A South African judge sentenced former Olympic and Paralympic athlete Oscar Pistorius to six years in prison for the murder of his partner Reeva Steenkamp on Valentine's Day, 2013. He'll be able to apply for parole somewhere between halfway and two-thirds into the sentence. Prosecutors are not happy, and may appeal the sentence to the country's supreme court, just as they had earlier appealed the judge's initials involuntary manslaughter finding which was overturned.
A court in Barcelona found football star Lionel Messi guilty of three counts of tax fraud, and sentenced him to 21 months in prison. The same sentence was handed down to Messi's father and co-defendant. But it's unlikely that the Messi boys will serve a day in prison: They are appealing the verdict; And in Spain's justice system, prison sentences of less than two years are usually served on parole, anyway.

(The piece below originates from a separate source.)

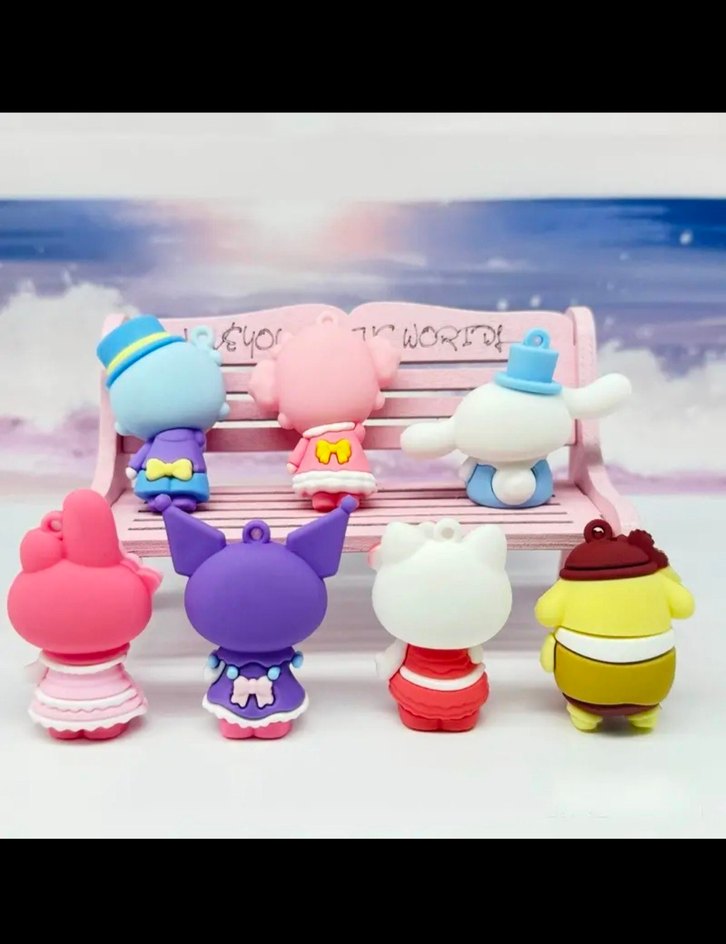 Renkli Sanrio Figürleri Seti - Görsel 2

Pope Francis has accepted the resignation of Brazilian Bishop Aldo di Cillo Pagotto who was accused of covering up actions of pedophile priests in his Paraiba diocese. Pagotto welcomed priests in his realm who were rejected elsewhere because of suspicions of pedophila, which he says was "naive".
The US Justice Department, FBI, and State authorities are investigating the pretty flagrant police murder of a black man in Baton Rouge, Louisiana. Mobile videos have emerged showing two white cops holding down 37-year old Alton Sterling; one cop draws his weapon and fires straight down into Sterling's body with only centimeters between the victim and the barrel of the gun. Mr Sterling's 15-year-old son cried uncontrollably at a news conference during which his mother Quinyetta McMillon said, "He had to watch this as this was put all over the outlets."

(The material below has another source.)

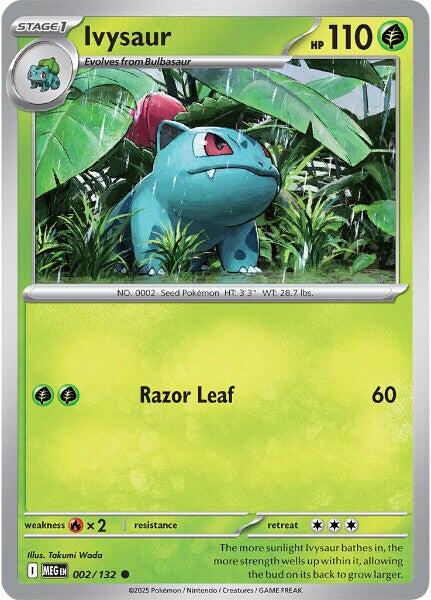 Ivysaur (002/132) [Mega Evolutions: Base Set] | Galaxy Games LLC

Trouble in Murdochland: Former Fox news anchor Gretchen Carlson is suing her former boss and right-wing operative Roger Ailes for sexual harassment. She claims he repeatedly pressured her for a sexual relationship to "solve" newsroom disagreements, and fired her when she refused to slide on under that vile, liver-spotted, Jabba-the-Hut-like pile of crap. The suit also claims her wimpy, chinless male co-anchors on "Fox and Friends" regarded Carson - a Stanford University graduate - as a "blond female prop", and that Ailes referred to her as a "man hater" who needed to "get along with the boys". Maybe Ailes thought the name of the show was "Fox and Friends (with benefits)"?

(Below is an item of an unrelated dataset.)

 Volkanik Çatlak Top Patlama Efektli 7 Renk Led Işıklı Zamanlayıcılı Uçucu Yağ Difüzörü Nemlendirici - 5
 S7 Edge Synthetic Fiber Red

The US Consumer Product Safety Commission is recalling more than half a million so-called "hoverboards", because of battery issues that have burned down people's homes. Once the biggest Christmas gift fad of the 2015 holiday season. But it wasn't long after the wrapping paper was on its way to the landfill that the lithium-ion batteries inside the things started bursting into flames. Australia already banned and recalled the damned things after at least two house fires.